Bunny Lake a disparu
Film britannique d'Otto Preminger (1965)

Pour être honnête, je vais quand même souligner que le long-métrage ne rejoint pas les hauts sommets d'angoisse que d'autres classiques comme Le troisième homme ou Psychose, eux, atteignent aisément. Cela étant, si on ne tient pas compte de ces possibles influences extérieures, je ne vois aucune raison de dédaigner cette histoire. L'alternance ombres et lumières m'a aussi rappelé Seule dans la nuit.

6 commentaires:

dasola a dit…

Bonjour Martin, j'ai découvert ce film il y a quelques semaines, je ne l'avais jamais vu.

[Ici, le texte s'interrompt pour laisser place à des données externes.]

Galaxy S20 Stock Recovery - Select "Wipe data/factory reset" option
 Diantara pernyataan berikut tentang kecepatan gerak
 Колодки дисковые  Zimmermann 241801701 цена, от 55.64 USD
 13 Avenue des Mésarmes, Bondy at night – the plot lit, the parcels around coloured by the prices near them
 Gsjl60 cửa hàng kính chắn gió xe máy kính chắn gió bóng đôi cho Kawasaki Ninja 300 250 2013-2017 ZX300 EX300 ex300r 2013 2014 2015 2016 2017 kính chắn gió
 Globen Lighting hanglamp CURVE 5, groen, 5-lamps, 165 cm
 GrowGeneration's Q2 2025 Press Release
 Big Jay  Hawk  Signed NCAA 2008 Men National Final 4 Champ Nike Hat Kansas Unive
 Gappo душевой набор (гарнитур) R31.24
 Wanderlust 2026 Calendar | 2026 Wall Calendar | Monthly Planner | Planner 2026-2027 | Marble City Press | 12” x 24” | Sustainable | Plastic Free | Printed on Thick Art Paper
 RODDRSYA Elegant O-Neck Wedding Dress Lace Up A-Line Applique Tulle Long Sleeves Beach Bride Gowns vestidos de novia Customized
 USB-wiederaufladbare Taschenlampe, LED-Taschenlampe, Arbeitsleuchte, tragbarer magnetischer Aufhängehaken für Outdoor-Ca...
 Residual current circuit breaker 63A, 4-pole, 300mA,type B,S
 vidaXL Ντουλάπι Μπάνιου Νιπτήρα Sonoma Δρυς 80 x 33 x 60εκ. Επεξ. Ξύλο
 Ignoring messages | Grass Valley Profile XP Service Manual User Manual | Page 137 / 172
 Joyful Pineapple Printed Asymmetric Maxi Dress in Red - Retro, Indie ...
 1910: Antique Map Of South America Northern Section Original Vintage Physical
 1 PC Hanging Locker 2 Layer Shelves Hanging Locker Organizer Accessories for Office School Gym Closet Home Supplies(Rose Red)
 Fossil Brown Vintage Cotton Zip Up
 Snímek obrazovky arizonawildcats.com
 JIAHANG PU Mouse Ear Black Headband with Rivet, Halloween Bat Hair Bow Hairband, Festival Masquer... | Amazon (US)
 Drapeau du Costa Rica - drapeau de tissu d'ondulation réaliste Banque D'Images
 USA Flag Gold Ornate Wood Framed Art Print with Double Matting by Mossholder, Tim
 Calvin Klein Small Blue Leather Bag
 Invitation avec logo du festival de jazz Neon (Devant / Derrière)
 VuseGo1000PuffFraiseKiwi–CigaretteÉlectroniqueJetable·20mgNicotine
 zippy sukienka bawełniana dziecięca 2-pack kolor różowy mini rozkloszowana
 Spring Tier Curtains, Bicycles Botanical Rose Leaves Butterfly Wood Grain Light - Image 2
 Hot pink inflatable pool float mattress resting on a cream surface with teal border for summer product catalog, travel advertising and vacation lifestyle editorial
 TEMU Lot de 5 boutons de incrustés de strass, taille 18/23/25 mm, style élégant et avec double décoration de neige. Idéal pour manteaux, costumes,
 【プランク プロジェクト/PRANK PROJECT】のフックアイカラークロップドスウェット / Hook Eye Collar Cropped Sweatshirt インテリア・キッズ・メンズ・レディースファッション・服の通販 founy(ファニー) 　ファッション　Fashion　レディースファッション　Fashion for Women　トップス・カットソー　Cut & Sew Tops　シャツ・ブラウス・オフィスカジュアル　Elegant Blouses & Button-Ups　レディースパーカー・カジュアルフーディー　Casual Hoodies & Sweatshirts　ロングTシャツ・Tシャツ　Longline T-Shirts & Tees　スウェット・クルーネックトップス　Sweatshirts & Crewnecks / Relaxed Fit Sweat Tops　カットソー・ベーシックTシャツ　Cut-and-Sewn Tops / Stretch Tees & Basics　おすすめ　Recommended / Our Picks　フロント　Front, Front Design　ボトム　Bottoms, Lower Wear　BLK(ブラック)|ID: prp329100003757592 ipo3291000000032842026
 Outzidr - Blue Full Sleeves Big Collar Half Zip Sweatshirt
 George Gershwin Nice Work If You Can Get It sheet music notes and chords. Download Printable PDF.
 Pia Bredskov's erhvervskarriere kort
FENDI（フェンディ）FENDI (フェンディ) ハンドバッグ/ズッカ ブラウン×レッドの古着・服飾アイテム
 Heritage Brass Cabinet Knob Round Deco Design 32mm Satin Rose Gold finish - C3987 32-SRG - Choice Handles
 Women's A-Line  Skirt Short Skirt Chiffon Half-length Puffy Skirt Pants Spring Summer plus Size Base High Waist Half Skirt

J'ai trouvé que l'intrigue tenait la route. Jusqu'au bout, on se demande si Ann Lake, la maman n'est pas affabulatrice. Un film qui m'a agréablement surprise. Bonne journée.

ideyvonne@aol.com a dit…

Vu il y a très longtemps mais j'en ai gardé la même impression que dans tes commentaires et puis on ne lâche pas le film, on a vraiment envie de savoir :)
Il me semble qu'il est passé sur TCM avec le cycle de Laurence Olivier

Martin a dit…

@Dasola:

Il semble que nous soyons d'accord en tous points, sur ce coup-là, si ce n'est que, pour ma part, je ne parlerais pas de surprise. Disons juste que j'avais un bon pressentiment sur le film après avoir lu un petit résumé de l'intrigue, pressentiment qui s'est donc confirmé.

Martin a dit…

@Ideyvonne:

C'est précisément sur TCM que je l'ai découvert il y a une quinzaine de jours. Je te conseille de le revoir si tu en as l'occasion... surtout que ça m'a paru assez intéressant au niveau photographique.

Valfabert a dit…

Un film d'atmosphère autant que de suspense, d'après mon impression.
La scène muette de l'évasion de l'hôpital, mentionnée avec raison dans la chronique, appartient, me semble-t-il, à cette catégorie de scènes qui, à l'écart tout exercice de style, signalent les grands cinéastes.

Martin a dit…

Oui, je suis bien d'accord avec vous: il s'agit bien d'un film d'atmosphère.
Et quelle atmosphère ! Otto Preminger avait vraiment tout d'un grand réalisateur.